# [Task brief]
Output the full listing below exactly; the images stay out.

# [Dataset extract]
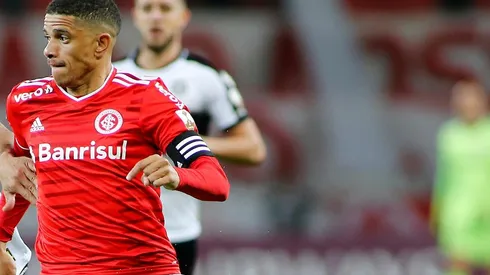 Taison reestreou pelo Internacional diante do Olimpia (Foto: Getty Images)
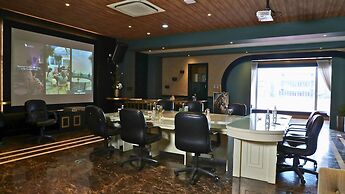 The Grantage Hotel & Sky Lounge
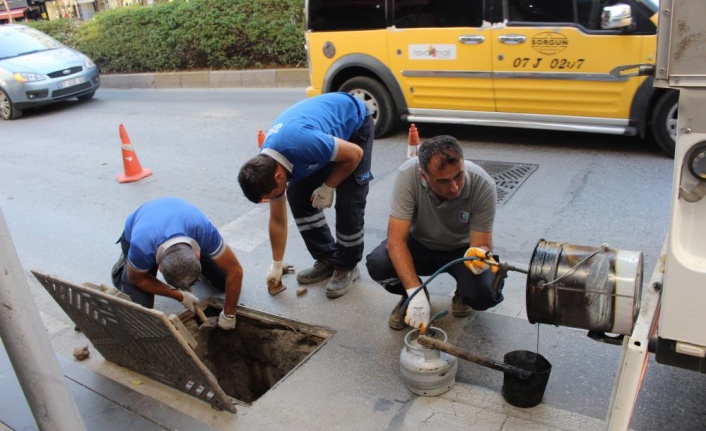 Manavgat’ta yağmur suyu giderleri temizlendi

# [Worked solution]
 Taison reestreou pelo Internacional diante do Olimpia (Foto: Getty Images)
 The Grantage Hotel & Sky Lounge
 Manavgat’ta yağmur suyu giderleri temizlendi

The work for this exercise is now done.